Mme Émilienne Poumirol. Ma question s'adresse à M. le ministre délégué chargé de la santé et de la prévention.

Les années se suivent et les pénuries de médicaments perdurent. L'an dernier, déjà, j'alertais sur cette situation. François Braun disait alors être en bonne voie pour regagner notre souveraineté sur le médicament. Il affirmait que le gouvernement d'alors faisait le maximum pour que tous les Français aient accès aux traitements qui leur sont nécessaires.

Pourtant, la situation ne s'est pas améliorée ; elle a même empiré.

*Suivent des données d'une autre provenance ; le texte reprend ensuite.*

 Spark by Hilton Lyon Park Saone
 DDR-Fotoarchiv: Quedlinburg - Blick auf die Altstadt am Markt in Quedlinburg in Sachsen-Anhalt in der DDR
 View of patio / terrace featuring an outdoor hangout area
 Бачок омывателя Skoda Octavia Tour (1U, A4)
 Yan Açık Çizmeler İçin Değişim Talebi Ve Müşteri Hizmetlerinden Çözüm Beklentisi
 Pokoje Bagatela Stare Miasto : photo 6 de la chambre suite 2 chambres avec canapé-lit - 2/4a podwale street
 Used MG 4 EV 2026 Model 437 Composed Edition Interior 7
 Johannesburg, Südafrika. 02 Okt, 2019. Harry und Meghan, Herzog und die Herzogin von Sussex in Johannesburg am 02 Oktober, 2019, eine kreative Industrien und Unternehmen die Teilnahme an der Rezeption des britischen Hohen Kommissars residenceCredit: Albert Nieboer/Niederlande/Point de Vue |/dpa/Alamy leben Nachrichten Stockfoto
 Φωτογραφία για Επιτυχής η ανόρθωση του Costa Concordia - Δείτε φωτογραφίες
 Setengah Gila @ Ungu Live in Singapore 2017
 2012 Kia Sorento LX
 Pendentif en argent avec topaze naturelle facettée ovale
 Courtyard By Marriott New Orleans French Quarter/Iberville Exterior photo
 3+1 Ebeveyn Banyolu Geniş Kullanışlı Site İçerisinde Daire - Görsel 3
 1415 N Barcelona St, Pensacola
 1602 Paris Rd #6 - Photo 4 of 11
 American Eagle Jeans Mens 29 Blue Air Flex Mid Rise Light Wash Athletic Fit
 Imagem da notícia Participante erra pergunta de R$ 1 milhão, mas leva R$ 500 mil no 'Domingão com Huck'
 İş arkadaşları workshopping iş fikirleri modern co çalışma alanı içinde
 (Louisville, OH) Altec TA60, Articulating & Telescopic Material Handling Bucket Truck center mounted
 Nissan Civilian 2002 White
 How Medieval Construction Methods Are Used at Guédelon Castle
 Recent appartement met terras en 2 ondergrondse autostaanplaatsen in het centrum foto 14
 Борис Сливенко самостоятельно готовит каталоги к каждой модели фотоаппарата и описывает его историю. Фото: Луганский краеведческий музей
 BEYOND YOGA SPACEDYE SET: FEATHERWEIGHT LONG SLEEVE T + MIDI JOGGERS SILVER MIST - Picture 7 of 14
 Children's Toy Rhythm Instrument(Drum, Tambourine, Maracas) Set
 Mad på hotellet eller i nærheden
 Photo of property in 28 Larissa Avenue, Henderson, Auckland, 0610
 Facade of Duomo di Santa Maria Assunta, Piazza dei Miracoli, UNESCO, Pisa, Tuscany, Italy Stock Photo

En 2023, près de 5 000 signalements de rupture de stock ont été recensés par l'Agence nationale de sécurité du médicament et des produits de santé (ANSM), en hausse de 31 % par rapport à 2022 et de 123 % par rapport à 2021. Quelque 37 % des patients ont été confrontés à au moins une pénurie de médicament.

En juillet 2023, le Sénat a adopté le rapport de nos collègues Laurence Cohen et Sonia de La Provôté, qui faisait 37 préconisations pour lutter contre ces pénuries. S'inspirant de certaines de ces propositions, votre gouvernement n'a présenté sa feuille de route qu'en février 2024, mais celle-ci ressemble davantage à une déclaration d'intention qu'à des mesures effectives et concrètes.

Monsieur le ministre, après des années d'alertes et de souffrances pour nos concitoyens, nous voulons des réponses précises. Comment allez-vous assurer que plus aucun enfant ne soit privé d'amoxicilline ? Comment comptez-vous garantir à chaque Français qu'il aura rapidement accès aux médicaments indispensables à sa santé ? (Applaudissements sur les travées des groupes SER et GEST.)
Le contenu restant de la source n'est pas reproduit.